What a surprise from Friday’s Non-Farm Payrolls report and what a shock for the US Dollar that was poised for more gains against its peers. The US jobs report was expected to show more progress in the domestic labor market and all the indications were there for a robust reading but it seems that the reality is much different.

The actual reading of the report caught investors off guard as the US economy not only added far less jobs than expected during the previous month but also the revision on the month before that was a significant one. So where does this development leave the US Dollar and Fed’s hiking schedule? As we mentioned on our report on Friday the Fed was expecting further progress on all fronts to move forward on hiking rates this month but with such a step back a move this month is off the table and a higher interest rate policy during 2015 is now under doubts.

The Dollar sold off against most of its counterparties as investors saw this as a very bearish development at least for the short term and we could see further weakness this week. The Euro rallied to 1.1300 after the numbers hit the wires and even though it retracted to 1.1200 before the day was out it seems clear that the 1.1100 lows are safe from breaching at this time.

The rally on the Euro could have been larger if it wasn’t for the bearish outlook of the Single European currency that although the Dollar weakened cannot attract enough interest from investors to take it higher at least at this point. Our assessment is that the outlook for the Euro pair is mixed at this point, the Dollar has taken a big hit but the situation in Europe is not good enough for the currency to take advantage of Dollar’s weakness, the 1.1300 resistance seems to cap any gains for now.

The Cable on the other hand was one of the pairs that didn’t really react to the Dollar retreat as the Pound didn’t attract enough support to really capitalize on the NFP miss. The 1.5200 resistance seems hard to overcome at this point even though the Pound hasn’t seen a correction rally in 2 weeks while being under pressure.

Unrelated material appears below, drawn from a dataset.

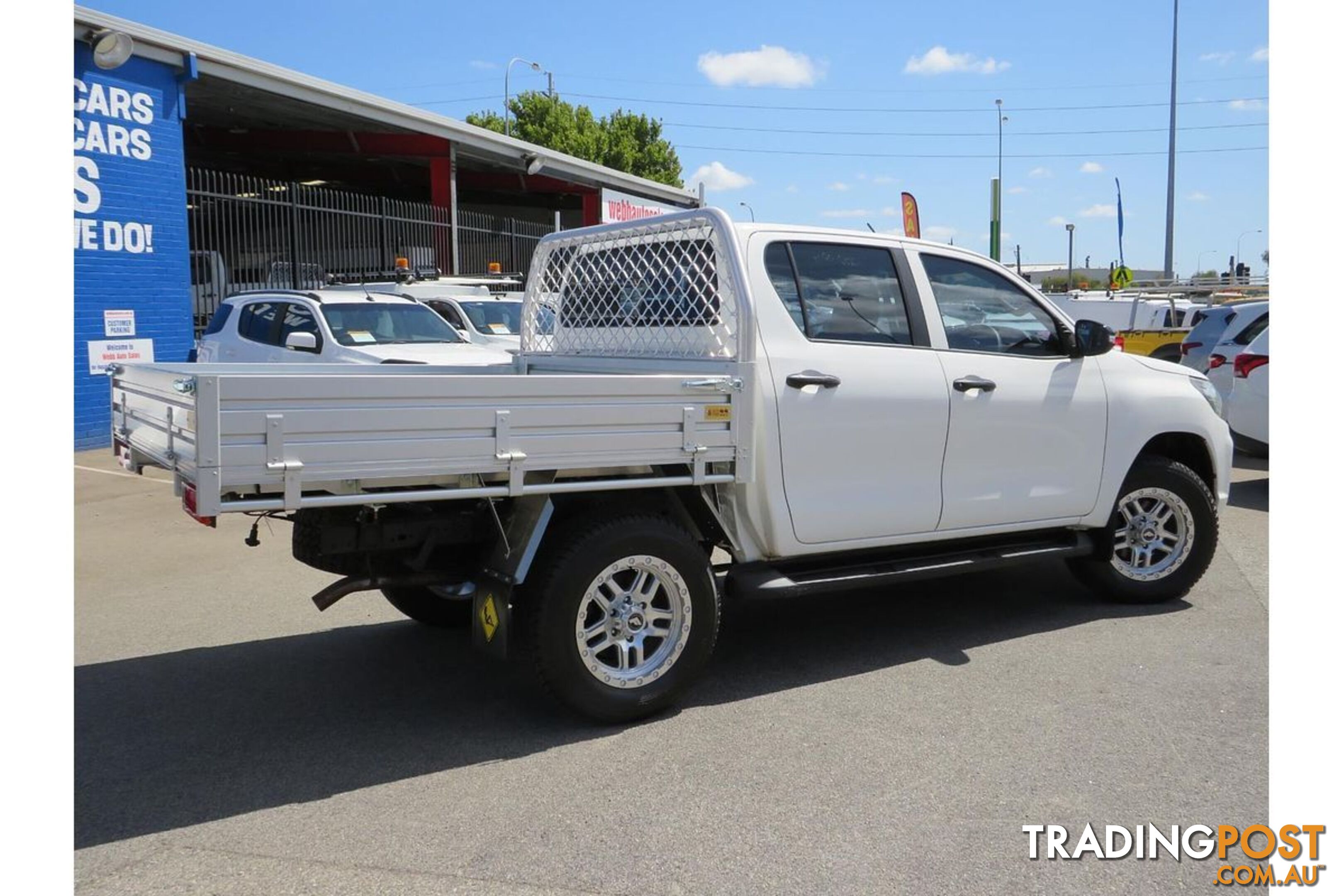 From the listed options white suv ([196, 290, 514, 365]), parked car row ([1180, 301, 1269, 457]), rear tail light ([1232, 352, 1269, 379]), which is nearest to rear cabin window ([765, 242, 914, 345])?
Answer: parked car row ([1180, 301, 1269, 457])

Today however the UK currency might have the opportunity to capitalize on Dollar bulls’ disappointment if the Services PMI levels show some progress. The recent numbers from the domestic economy haven’t been exciting for Pound traders to back the currency but the combined effect of a weakening Dollar and an oversold Pound might take the rate higher in the short term. The key resistance lies at the 1.5200 area and a successful break above it would expose 1.5300.